Story By: Brendan Manley
There’s something about nearing 30 that can put one’s psyche through the existential wringer, not only making the sufferer acutely aware of his or her own mortality, but also entirely unsure of just what the hell we’re all doing on this giant, yet relatively insignificant, chunk of rock whirling amid the cosmos.
Just ask John Nolan. The Straylight Run singer/guitarist/pianist, now 29 years old and engaged, says that it’s these kinds of questions that have plagued him as of late, serving as a subtle, yet ever-present, backdrop to his band’s new record, The Needles The Space (which the band, label-less at the time, methodically produced and recorded on their own). A darker, at times headier brew than Straylight’s pop-centric self-titled debut, Nolan says Needles is an organic outgrowth of he and sister/bandmate Michelle’s generally maturing perspectives.
“We’ve been kind of writing about what the purpose of everything is, and what the meaning behind everything is, in a certain way,” he says over sushi at Yummy Yummy, a local restaurant in his current hometown of Long Beach, New York, a secluded strip of barrier beach on Long Island’s South Shore, where he, Michelle and bassist Shaun Cooper have relocated for the last couple of years (drummer Will Noon is the lone hold-out, making his home in Lynbrook, a good half-hour away). “But I think it’s dealt with a lot of times not a direct way. I think it just kinda comes out in a way that we wouldn’t be able to talk about normally in conversation, or even in a thought process. I think it’s just kinda based on a lot of subconscious feelings and fears and ideas, trying to put a finger on a lot of things you feel, but can’t put into words.”
Raised in a devoutly religious household and educated at a small, Christian-centric school (where John befriended Brand New singer Jesse Lacey among the indoctrinated), the Nolans have spent much of their adult lives thinking their way out from under the considerable dogmatic shadow of their upbringing. Michelle, 26, is undergoing a maturation process of her own (having married long-time boyfriend Jeff DeRosa, former singer/bassist for the Exit, this past October), and still finds it difficult to confront the lessons instilled in her so many years ago.

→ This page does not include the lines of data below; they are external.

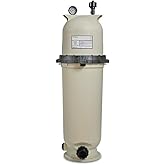 Pentair EC-160317 Clean & Clear 150 sq. ft. Cartridge Pool Filter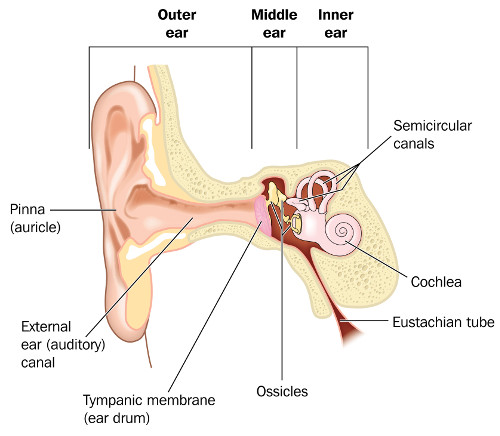 ear-anatomy-1red.jpg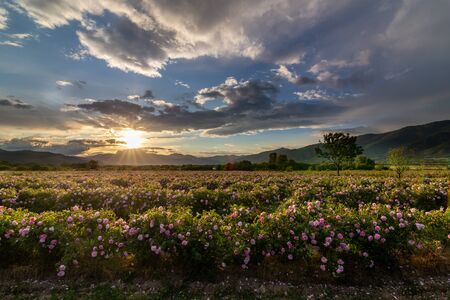 Amazing sunset over the pink rose valley in Bulgaria. Endless rows of rose bushes with a mountain range in the background.の写真素材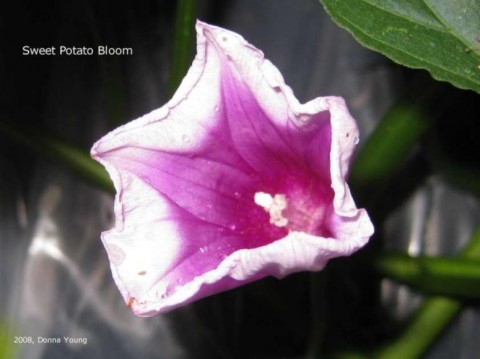 Sweet Potato Bloom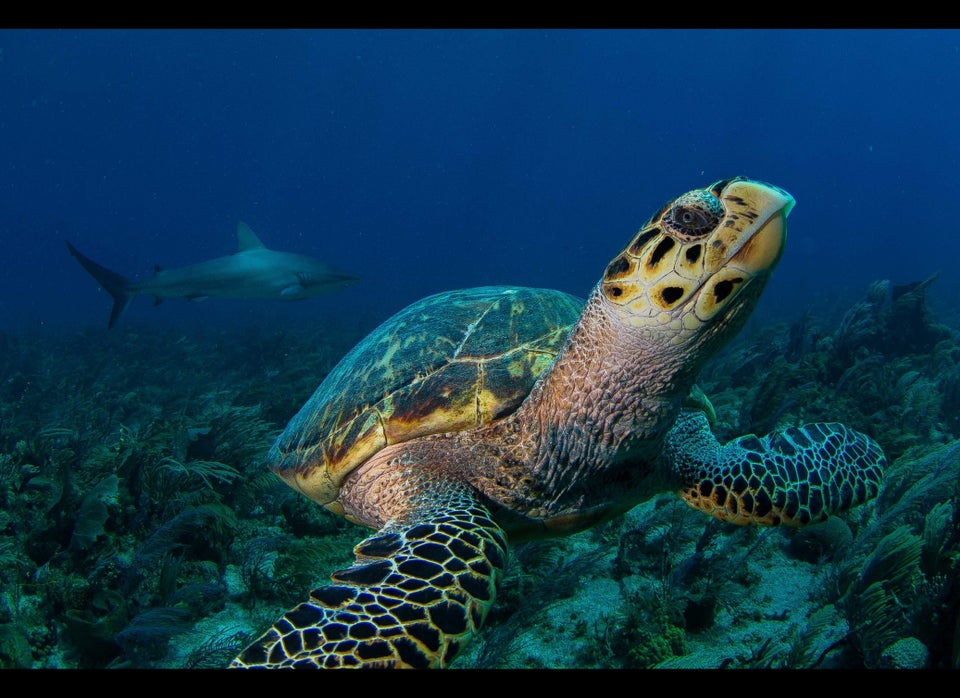 Hawksbill turtle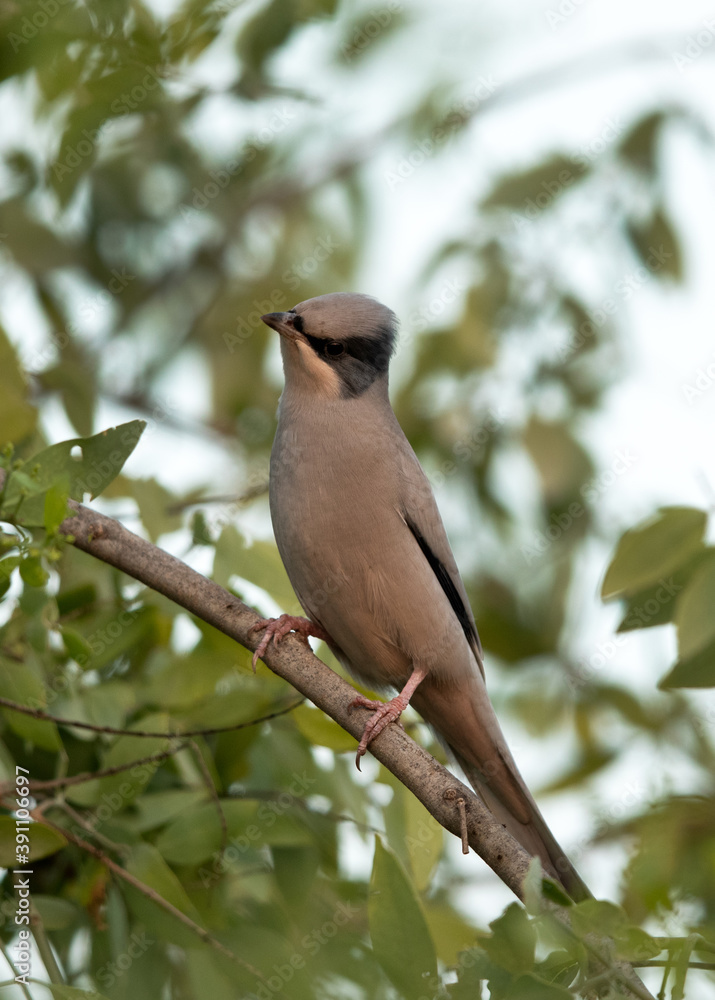 Grey Hypocolius perched on acacia tree in the morning hours, Bahrain Grey Hypocolius perched on acacia tree in the morning hours, Bahrain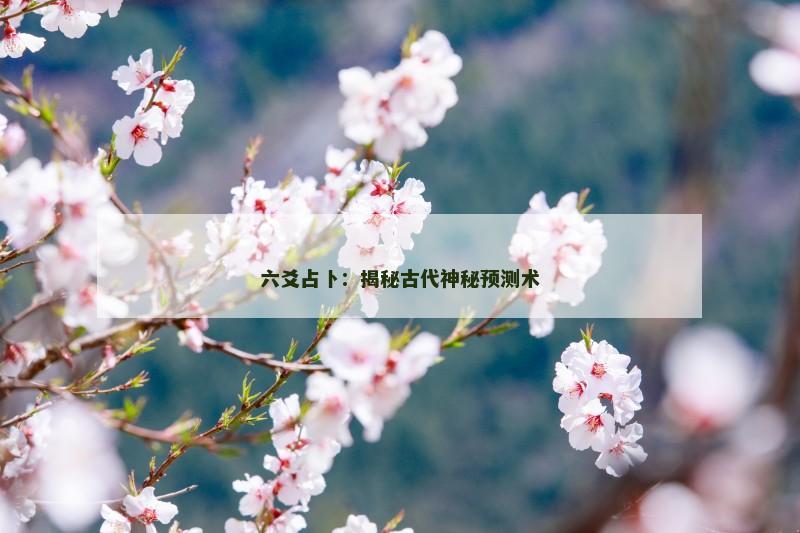 六爻占卜:揭秘古代神秘预测术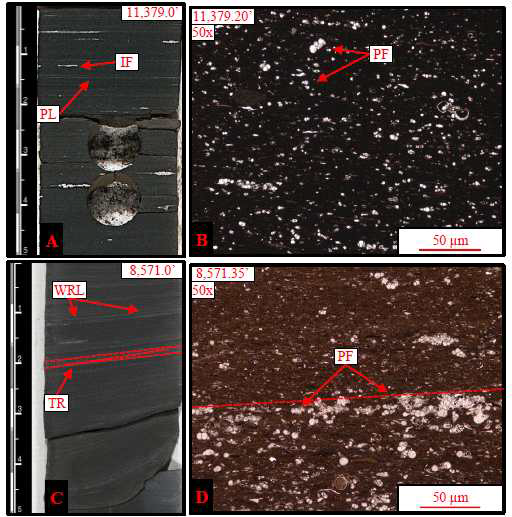 퇴적암상 2 – Weakly Laminated Calcareous Foraminferal Mudstone의 시추코어 및 박편사진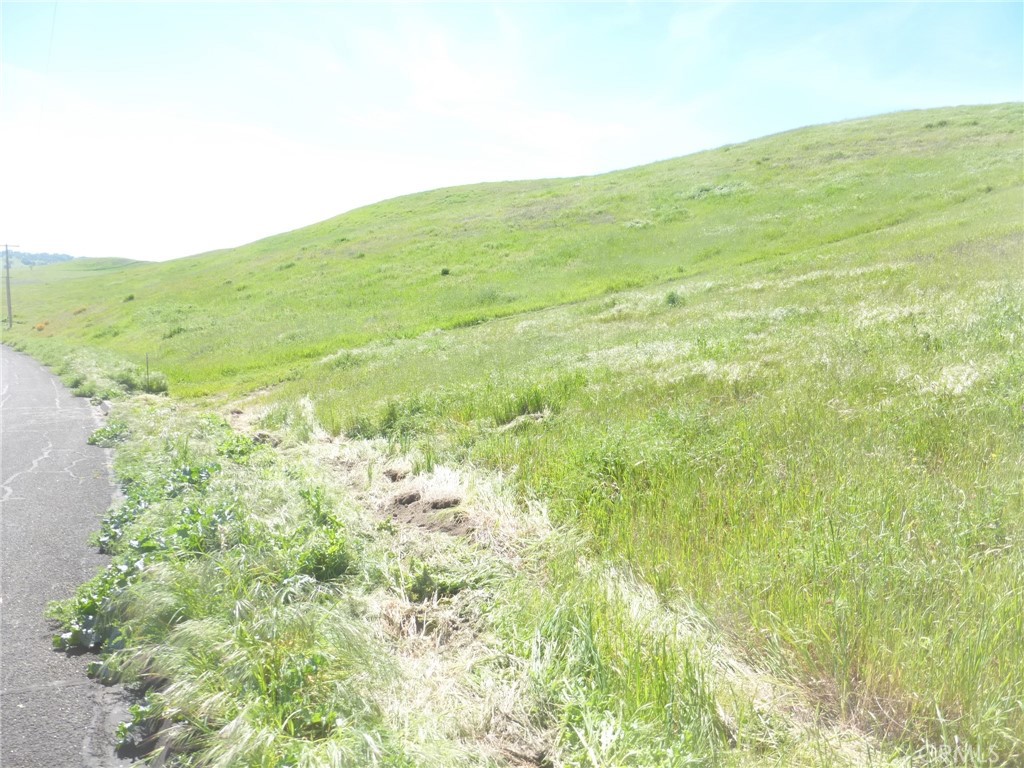 0 Douglas Road San Miguel, CA 93451 - Photo 20 of 42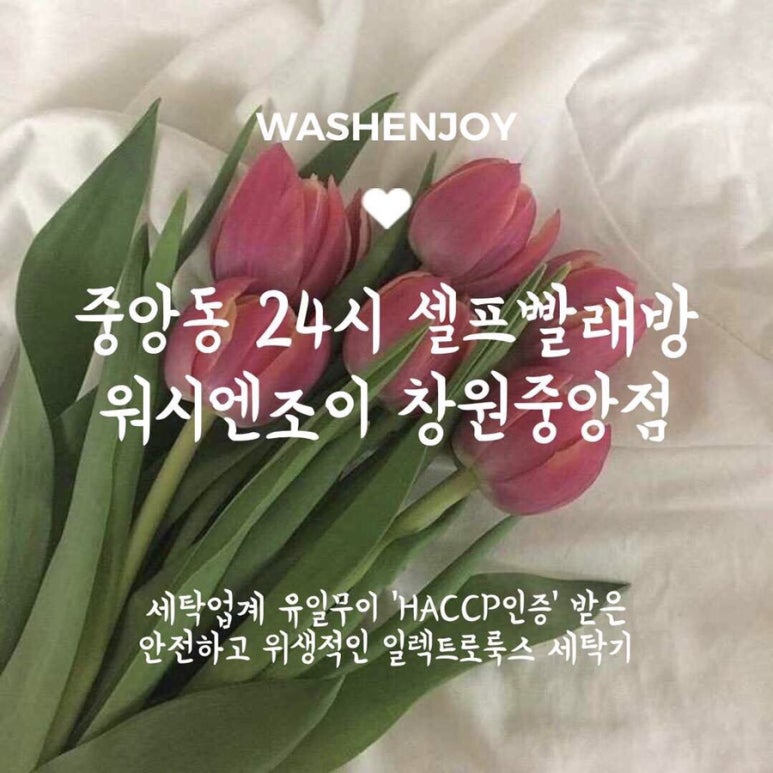 워시엔조이77 이미지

“I feel like we always talk about our religious upbringing, but I do feel like that is a key factor,” she admits, herself opting for tofu-based vegetarian sesame chicken. “The way we were brought up, I think it was very much frowned upon to question anything other than what the Bible says and what you’re taught through church and school. And I [thought] for the longest time-to even think about it in my own mind-felt like something that I shouldn’t be doing, because you’re just supposed to have faith and trust. And to question is to not have faith.”
“I think for a long time for both of us, it was enough to say we were brought up a certain way, to believe certain things about life that revolve around believing the Bible as fact,” John adds. “It was enough for us to say, ‘Well, I know the way that I was brought up, I don’t want to live that way, and I don’t believe that.’ And you get to a certain point in life-which I think is probably where we’re getting to now-where you have to say, ‘Well, what is it that I actually believe about life?’ It’s not enough to say, ‘I don’t believe this’ and ‘I don’t believe that’ and ‘I know this is wrong, and that’s wrong.’ You start to want to have something that you know you believe is true. The album has a lot to do with that; the struggle to find that in life. It’s not something I think we’ve done yet, but it’s something that we’ve at least begun to do.”